2 Responses to “ “Is Your Church Fat?”

  1. Peter says:

    The role of food in our gatherings isn’t the problem… It’s the food we seem to choose. We eat pretty healthy at our house… and as a result, often my wife and I dread pot lucks because we know that we won’t have the opportunity to do that. There’s loads of donuts available after the service, but not many apples…

  2. Maureen says:

    Well, since the “obese” (by an arbitrary man made definition) are the despised in our society, the last legal target of discrimination and ridicule, the church should be a place of refuge for them. God made people to come all sizes and shapes all throughout history, but today we copy the secular world in picking a narrow range of desirable physiques and insisting everyone can meet that standard, if only they weren’t moral failures.
    Poor people have always flocked to the church, and poor people statistically weigh more. They eat the cheapest foods, and are too busy working long hours at low paying jobs to accomplish leisure exercise. Unhealthy extra weight is a product of malnutrition and overwhelming stress; hormones get set in “survival” mode and compel eating. Dieting is only a temporay stay, which contributes to more stress and malnutrition, unless quite a bit of work and money are put into super-nutrition.
    Large people- particularly women- are the lepers of today. People look right past them. They don’t get dates. Job interviewers scorn them. Look around- the service industries of this country are run on the backs of large women.

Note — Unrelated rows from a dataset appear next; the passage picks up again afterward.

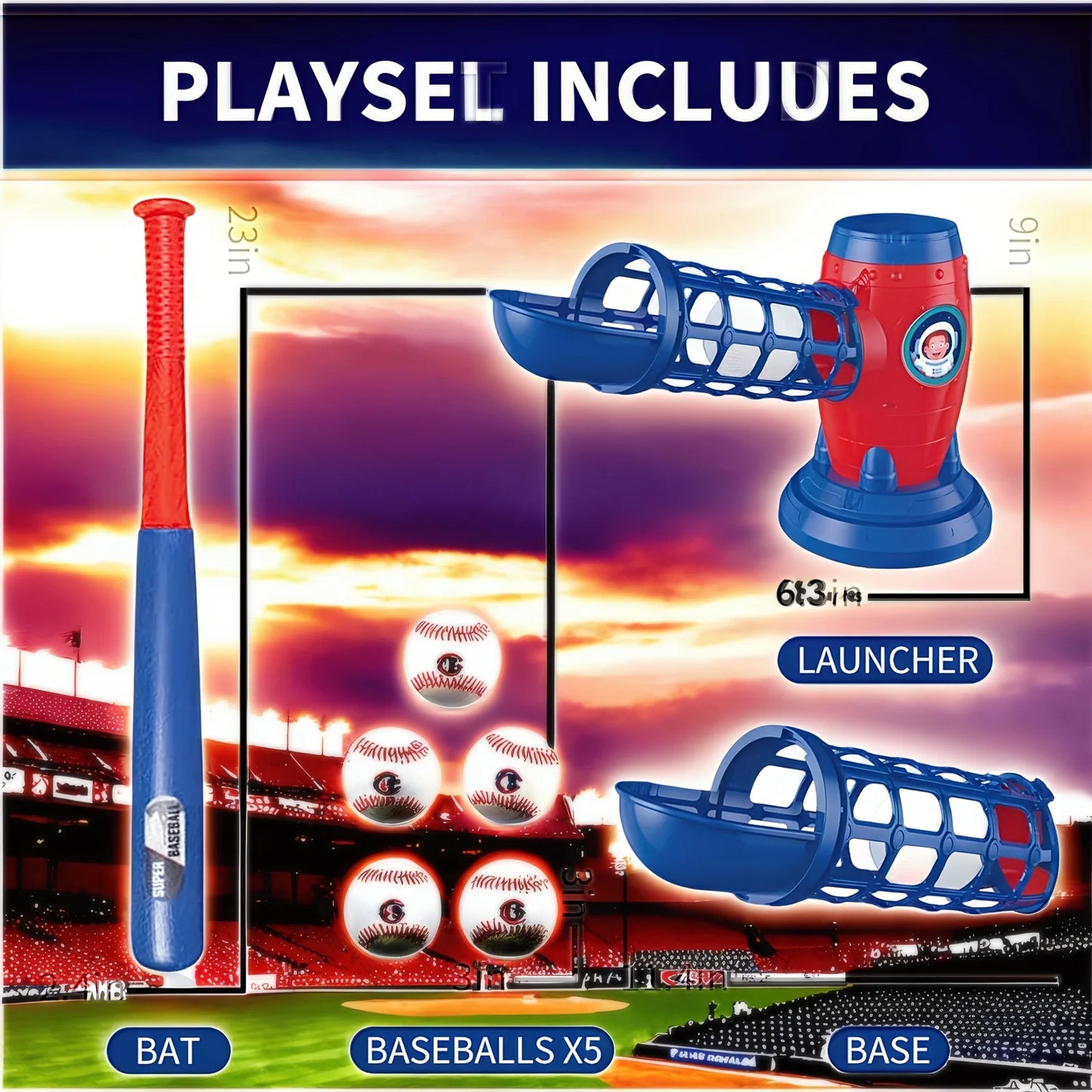 American Super New Product, Automatic Baseball Home Run Set Machine Toy, Set With Baseball Bat, Includes 10 Balls, Suitable For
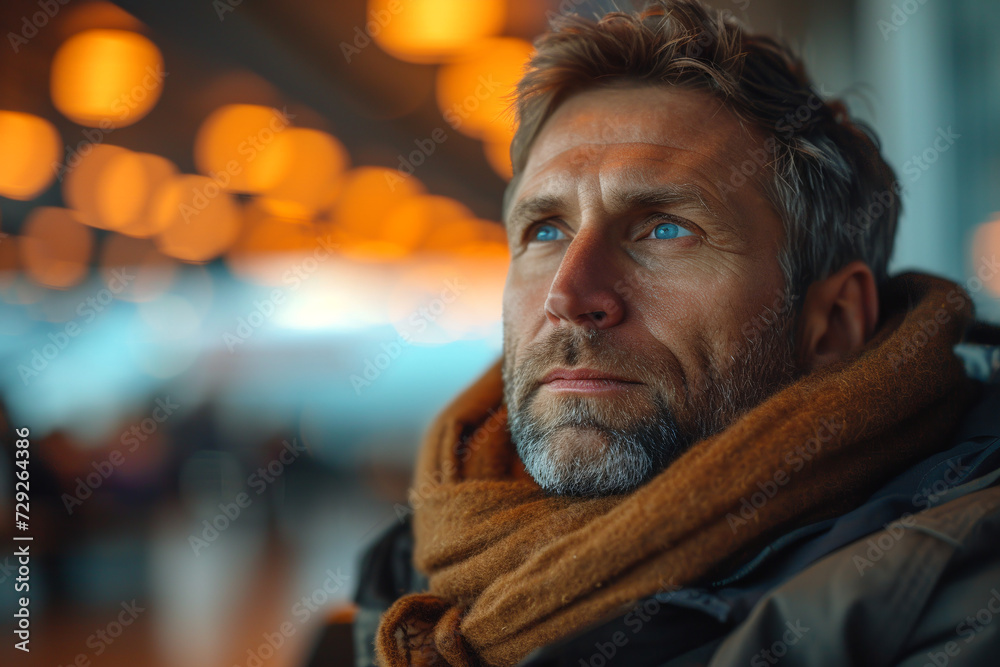 Businessman at airport waiting lounge, AI generated Businessman at airport waiting lounge, AI generated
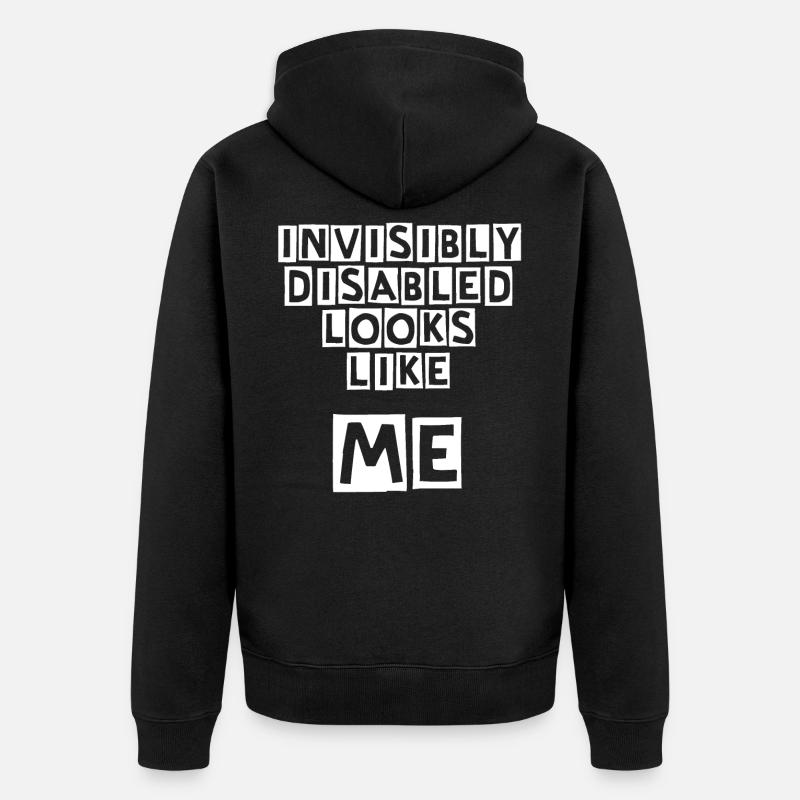 Blanc invisiblement handicapé - Veste à capuche bio Premium Unisexe - noir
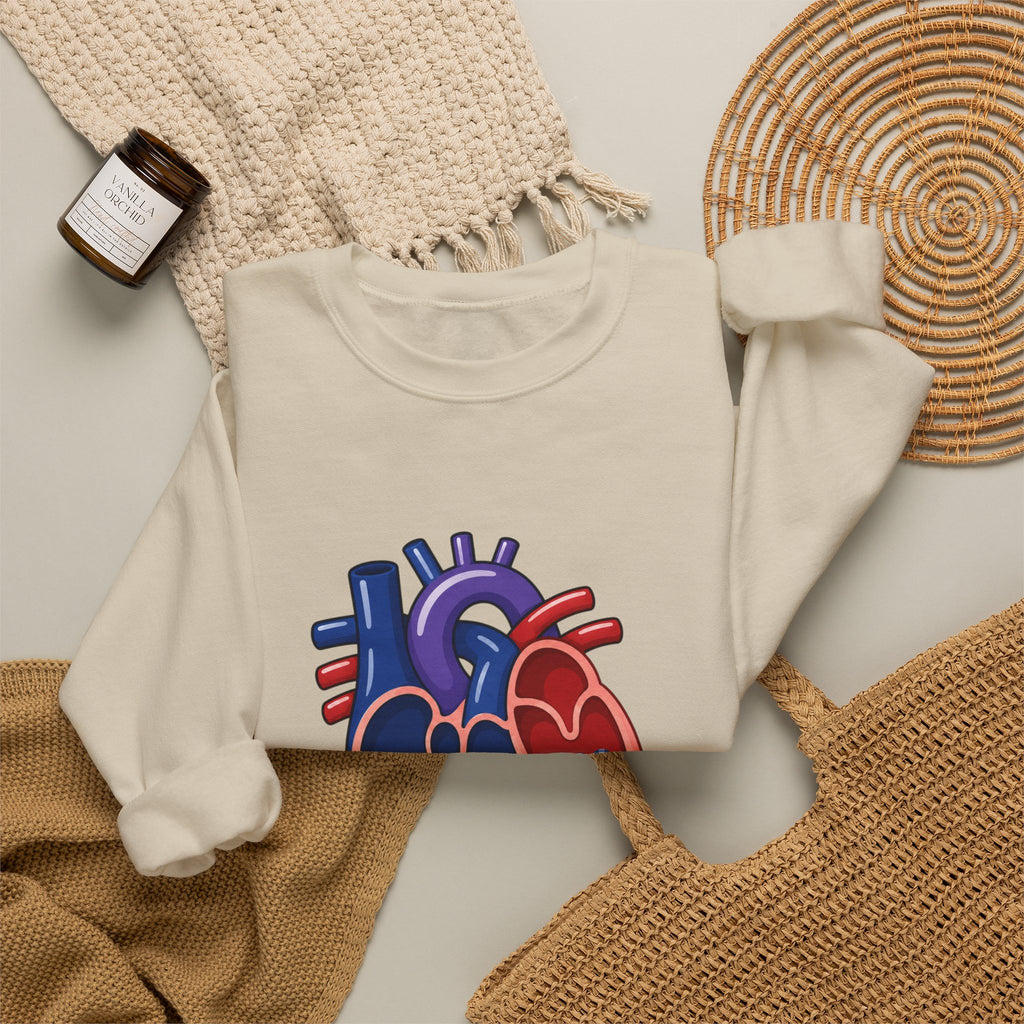 VSD Repair Heart Crewneck Sweatshirt — Congenital Heart Defect Awareness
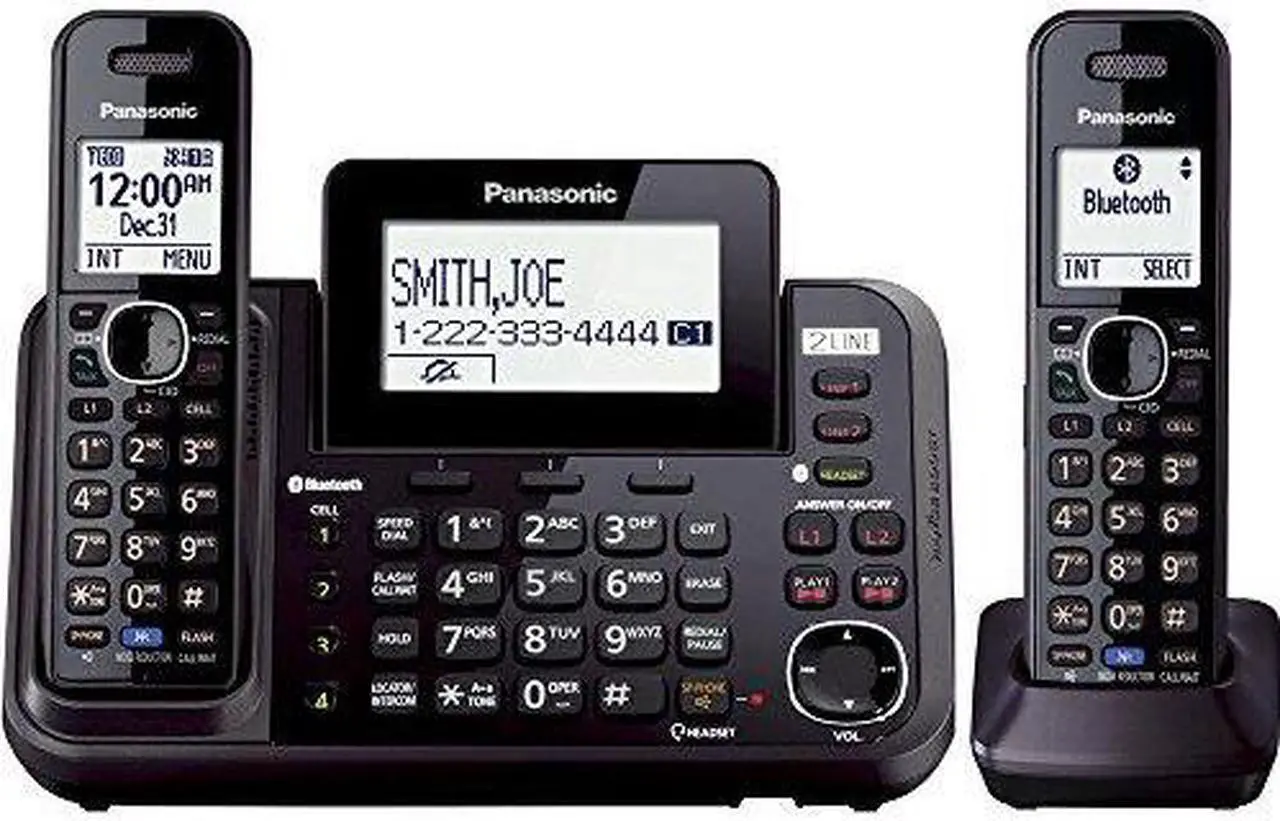 Alt view image 2 of 6 - Panasonic KXTG9542B Dect_6.0 1-Handset 2-Line Landline Telephone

Yes, there have always been those rich people who love to eat and eat and can make themselves fat that way, but I doubt the “rising obesity rate” is all due to that in this economy. So let us open our arms to large people, see them and hug them, show them that God’s love is for them, too, and that they can lay their very heavy burdens at His feet. Let us respect and assist the “working poor” any way we can, rather than treat them as an embarrassment in the church.